Order the Tribulation Survivor’s Guide today, and don’t forget to specify if you would like the Pre-Apocoplypse Rapture Edition:

So, millions of people suddenly disappeared from the planet, causing all kinds of havoc and adding a good two hours to your commute home?  Congratulations, you just missed the rapture you heathen, and should immediately skip to chapter 4 for instructions on repentence before continuing in this book.

Or new “Post-Apocolypse Rapture Edition”:

So, some lunatic maniac signed a 7 year peace deal with Israel and became King of the world?  Congratulations, you have just witnessed the rise of the Antichrist.  If you are one of the unfortunate souls without any religious education, you should immediately skip to chapter 4 for instructions on repentance before coninuing in this work.  If you are not faint of heart and have a faith to fall back on, please continue as normal.

The Tribulation Survivor’s Guide (TSG) is a service provided for by the Council of Stuffed Shirts and Pew Fillers of America (CSSPFA), and is not intended to offer an absolute blueprint for Tribulation survival, but merely general guidlines.  82% of the registered readers of the TSG have reported feeling safer and more prepared in the event of the sudden fulfillment of the Book of Revelation, and we are happy to report that none of them have needed to actually use any of the techniques therin yet.  However, your results may vary.  After all, no one really knows if there are actually screaming locusts or not… but if your passenger disappears out of your car on a normal day that is not the rapture, you are on your own.

Once again, order the Tribulation Survivor’s Guide today and recieve the new book “1001 recipes for Ramen” absolutely free.  Quantities are limited and operators are standing by, so order now… because you don’t know the day or the hour…

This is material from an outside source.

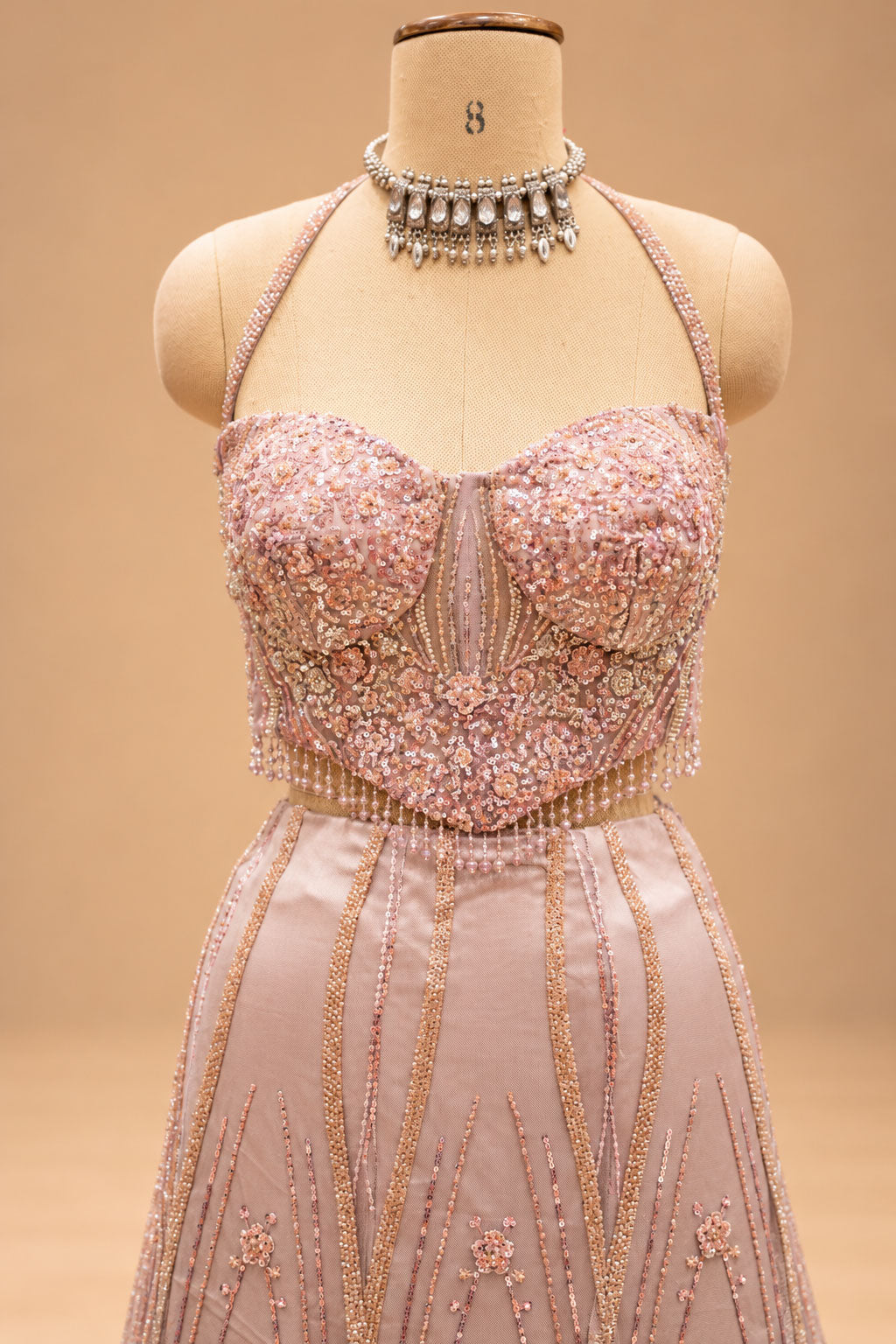 Blush Pink designer gown for women – product view 3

The Tribulation Survivor’s Guide…… When He arrives, will YOU survive?



~ by xristosdomini on December 31, 2007.

8 Responses to “The Tribulation Survivor’s Guide”

  1. HaHaHaHaHaHaHaHa! 🙄

  2. Wow… two eye-rollers in a row… I must be having an off week…

  3. Um… wow…

  4. oof… not even an eye-roll… you’re killing me, guys!

  5. I don’t know how to do an eye roll on this thing

  6. Please, please, I’m having my “feel pitiful moment!

  7. When He arrives, will YOU survive?… Too funny… Since I already have a Bible, which must cover all the “how to survive” stuff, can I just order the ramen noodle cookbook? Yum-O!